Pero con el surgimiento del Centro de Estudios culturales de Birmingham (fundado por Richard Hoggart en 1967), por primer se empieza a revalorizar la cultura popular, y surge desde la Academia un interés por estudiar y comprender el potencial político de la cultura de las clases trabajadoras. Los estudios culturales, muy influenciados por Gramsci y Althusser , ven en la cultura popular una forma de escapar y contrarrestar el poder de la hegemonía. Raymond Williams en su obra “Culture and Society” (1958), habla de los logros de la cultura de la clase trabajadora, y en esta misma línea, como ya hemos visto, EP Thompson escribe en 1963 “The making of the English working”. Ya en la década de los 80, una segunda generación de la escuela de Birmingham, irá un paso más allá y pondrá en crisis la noción del espectador pasivo, proponiendo la figura del consumidor activo, capaz de descodificar y reinterpretar la ideología tras los mensajes, estamos hablando de Stuart Hall o Angela McRobbie.
El fin de la noción de cultura como civilización viene con todas las teorías postmodernas, los movimientos feministas, y los estudios postcoloniales que pondrán en crisis la cultura de las élites y la noción misma de civilización, para revalorizar por el contrario las culturas minoritarias y de los “otros”. Sin embargo, la cultura de masas, se continuará describiendo a lo largo de todo el s.xx como una cultura del consumismo, íntimamente ligada al modelo capitalista, al “american way of life” y a la Sociedad del Espectáculo .
Sin embargo, ya en el s. XXI, se habla de un nuevo tipo de cultura: la participativa en la cual el público ya no actúa como un consumidor pasivo, sino también como productor. Este salto cualitativo ha sido posible, por un lado, gracias a los avances tecnológicos en el campo de las comunicaciones y el abaratamiento de aparatos que permiten la autoedición y producción de objetos culturales.
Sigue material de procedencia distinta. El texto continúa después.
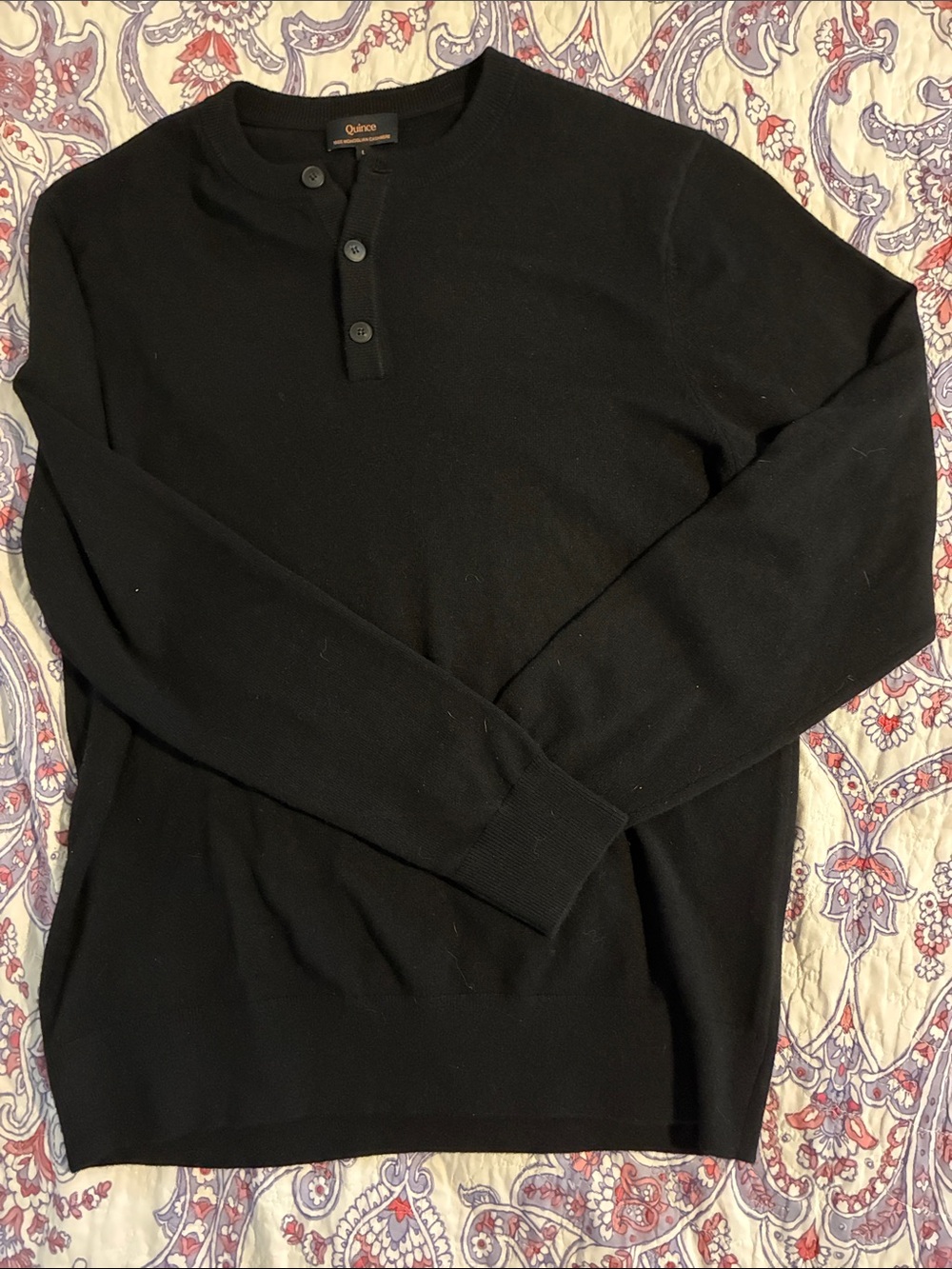Quince Cashmere Black Henley Pullover Sweater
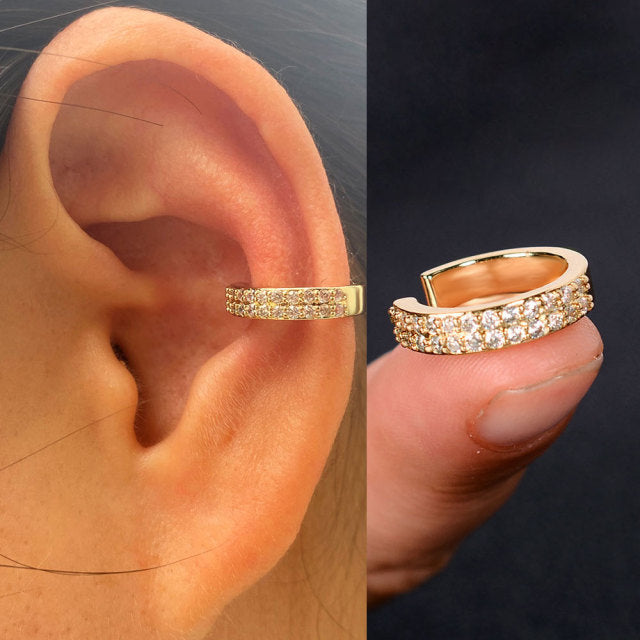 1Pc Hollow Geometry Rainbow CZ Cuff Wrap Clip On Earrings Women Girls Climber Ear Cartilage Bone Clips Fake Earring Non Piercing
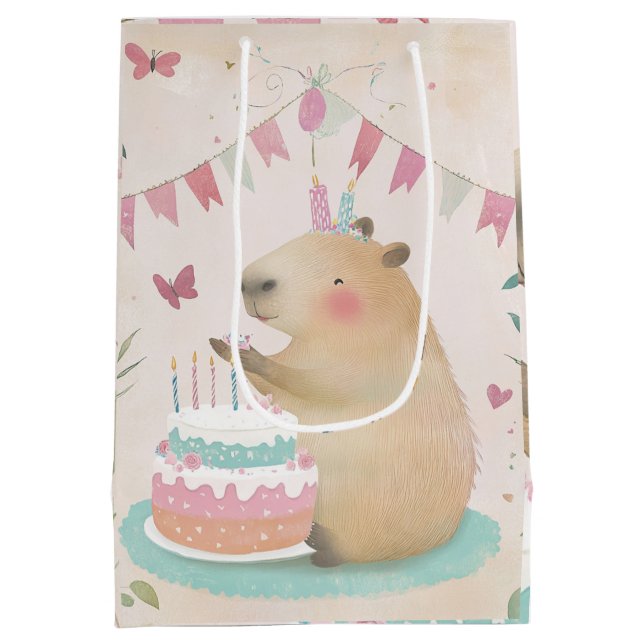 Capybara Birthday Bash Party Dekor Mittelgeschenkt Mittlere Geschenktüte (Rückseite)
Y por otro lado, gracias a Internet, la web 2.0 y las redes sociales que facilitan la difusión de esos contenidos.
Términos como “crowdsourcing” o “prosumer” ponen de manifiesto este cambio de percepción de la masa como un ente pasivo que consume lo que le proporciona la industria cultural, a una audiencia que a la vez que consume, crea, produce y participa.
Este supuesto nuevo paradigma, es descrito por Henry Jenkins en su libro “Convergence Culture” (2008), término que describe cambios tecnológicos, pero sobre todo culturales y sociales, se trata “del flujo de contenido que pasa por múltiples plataformas de medios, a la cooperación entre múltiples industrias y al comportamiento migratorio de la audiencia de los medios de comunicación dispuesta a ir casi a cualquier lugar en búsqueda del tipo de experiencia de ocio que quiere”. Para Jenkins todo el sistema económico-cultural depende de la participación activa de los consumidores y el consumo se ha vuelto un proceso colectivo. Pero esta disolución de barreras entre ocio y cultura, donde recursos inmateriales como el conocimiento, la creatividad o los afectos se ponen al servicio de la economía capitalista también ha sido denominado capitalismo cognitivo por una serie de pensadores que precisamente lo que critican son las prácticas económicas centradas en el conocimiento como recurso productivo, dentro de la “sociedad de la información”, la sociedad del conocimiento o el capitalismo globalizado de finales del siglo XX y principios del XXI.